Return the listing that follows exactly, with no pictures included.

= Stored data =
┌────────

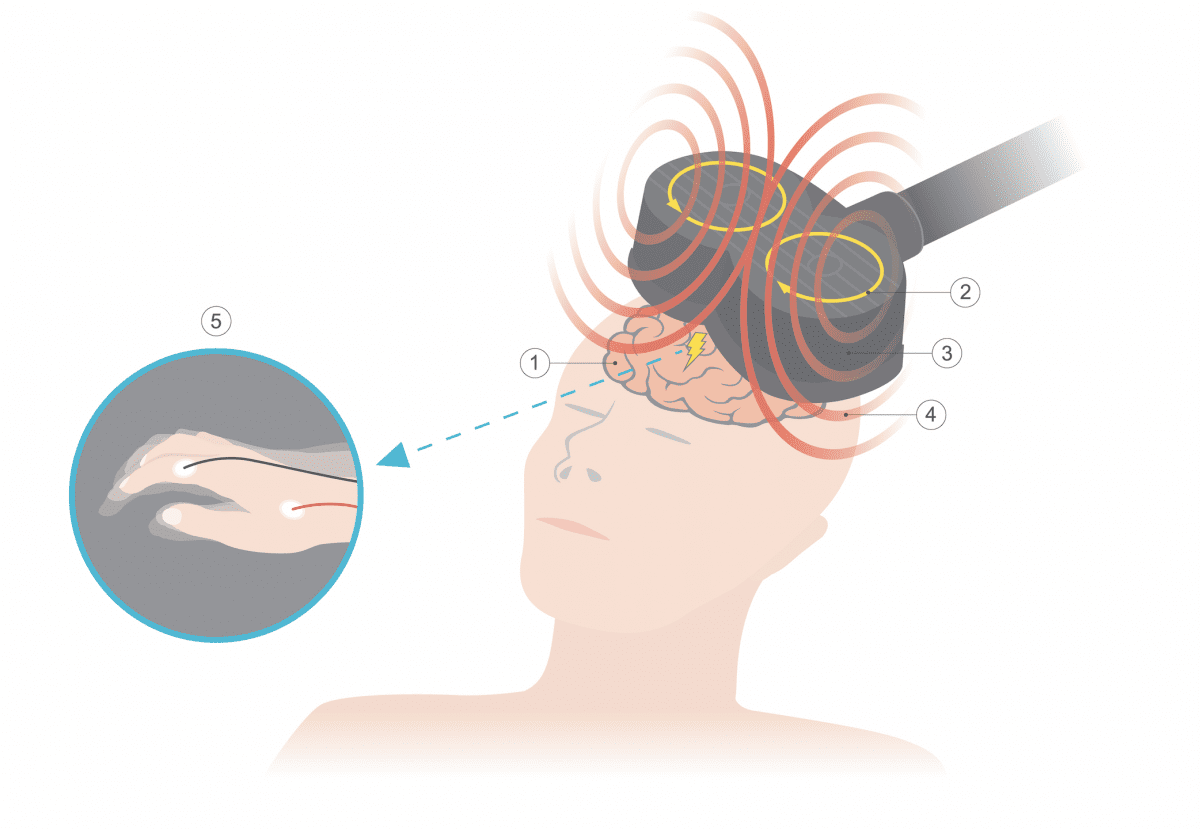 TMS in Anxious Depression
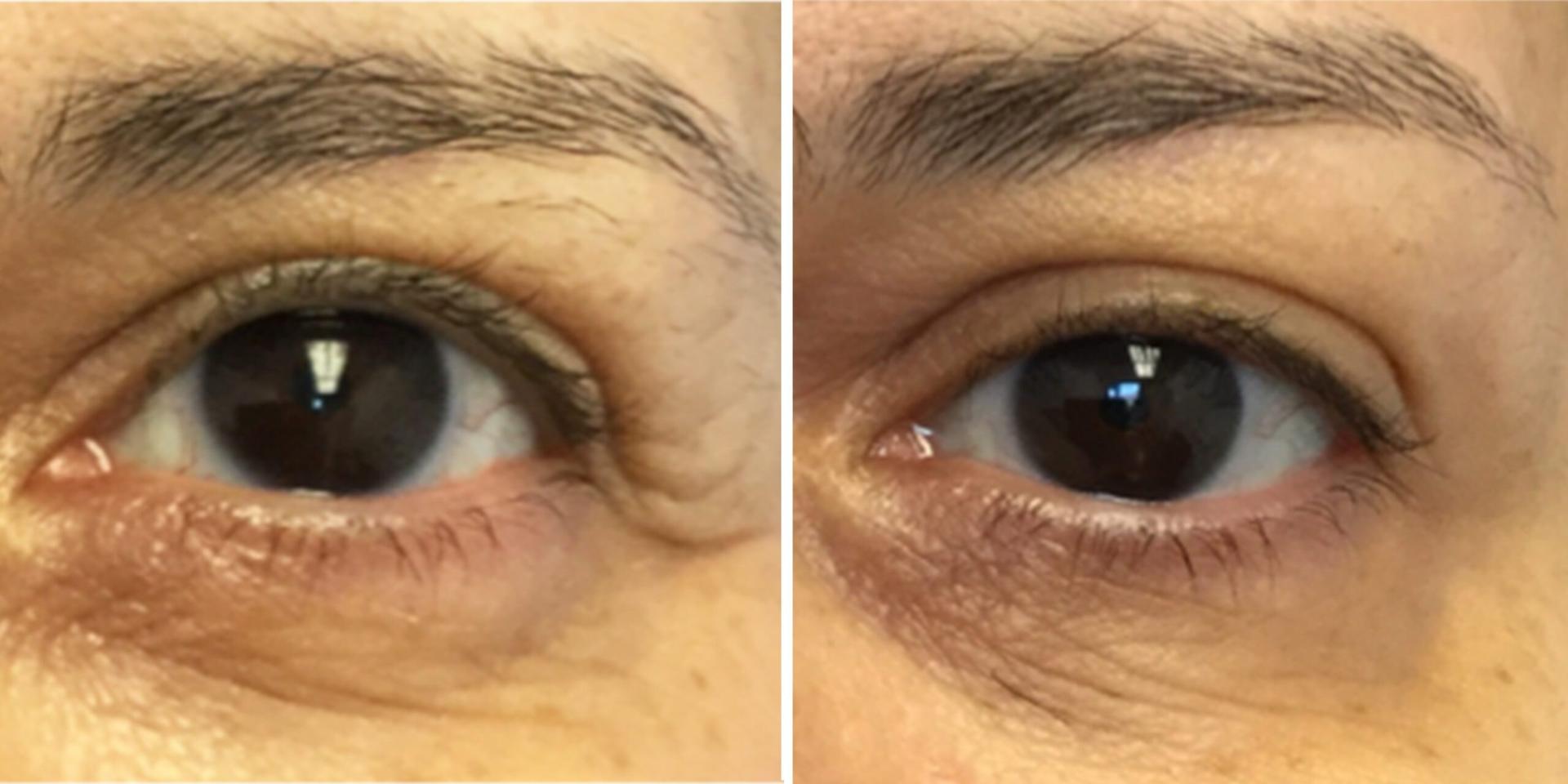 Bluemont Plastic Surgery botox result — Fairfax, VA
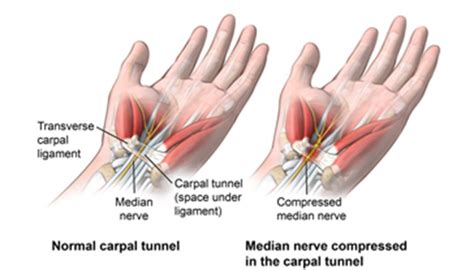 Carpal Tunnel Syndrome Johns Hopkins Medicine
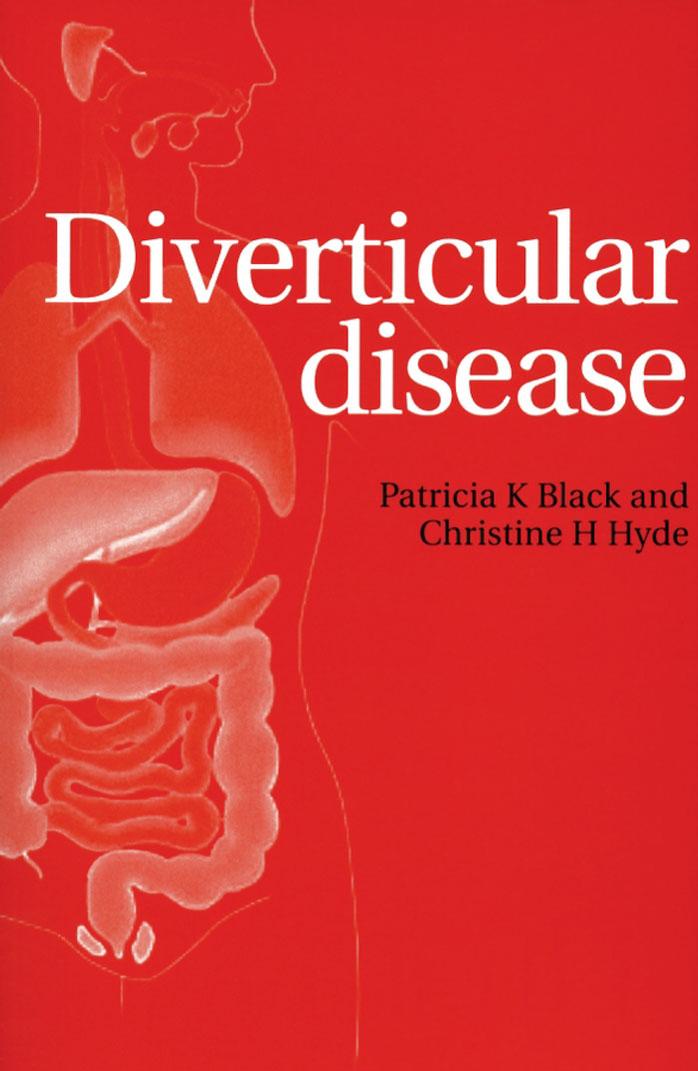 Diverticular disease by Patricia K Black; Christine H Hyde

└────────

= Response box =
 TMS in Anxious Depression
 Bluemont Plastic Surgery botox result — Fairfax, VA
 Carpal Tunnel Syndrome Johns Hopkins Medicine
 Diverticular disease by Patricia K Black; Christine H Hyde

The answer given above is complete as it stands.